Directed by Brad Furman

So… Bryan Cranston is going back to the well, huh?  You can hardly blame him though!  Breaking Bad is one of the most influential and critically praised shows to ever come out, so if anyone deserves to be in a movie about drugs and violence, then it’s the guy who made that shit work for five seasons!  Does Bryan Cranston come out on top once again with a movie tailor made for his particular set of skills, or will this just be an actor trying to relive their glory days before sinking back into obscurity and finding a niche in shitty comedies (*cough* Why Him? *cough*)?  Let’s find out!!

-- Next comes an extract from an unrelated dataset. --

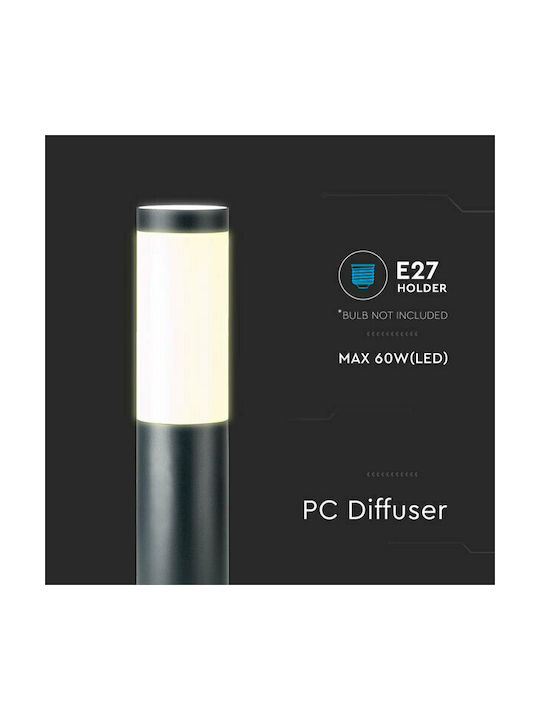 V-TAC Outdoor Floor Lamp Small Post IP44 for E27 Bulb Black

The movie which is BASED ON A TRUE STORY (ugh…) follows Robert Mazur (Bryan Cranston) who is a Federal Agent working for US Customs and primary does undercover work to bust drug dealers.  Apparently petty drug dealers work with a lot of fifty year old dudes who look like Target managers, but I guess that just makes Robert that much more of an unassuming figure.  Anyway, his colleague Emir Abreu (John Leguizamo) gives him a tip that some big players in the Columbian Cartel (at the time being led by Pablo Escobar as this movie takes place in the eighties) will be in town and are in the market for a money launderer (at least I think that’s what the tip is about) and so he starts posing as an accountant who’s more than willing to handle the Cartel’s money; hoping to bust them for the drugs and the bankers at The Bank of Credit and Commerce International who are willingly doing this for them.  Of course with any undercover work, there’s always the danger of getting himself and his fellow agents caught, especially Kathy Ertz (Diane Kruger) who is playing his pretend fiancée who’s only part of this mission because Robert fucked up at one of the meetings with the drug lords; not to mention that with any undercover work there’s always a chance of getting in too deep.  Can Robert bust these guys before getting a bullet in the back of the head or worse?  Will his real life crumble to pieces as he gets more and more engrossed in his work?  WILL HE BE THE ONE WHO KNOCKS!?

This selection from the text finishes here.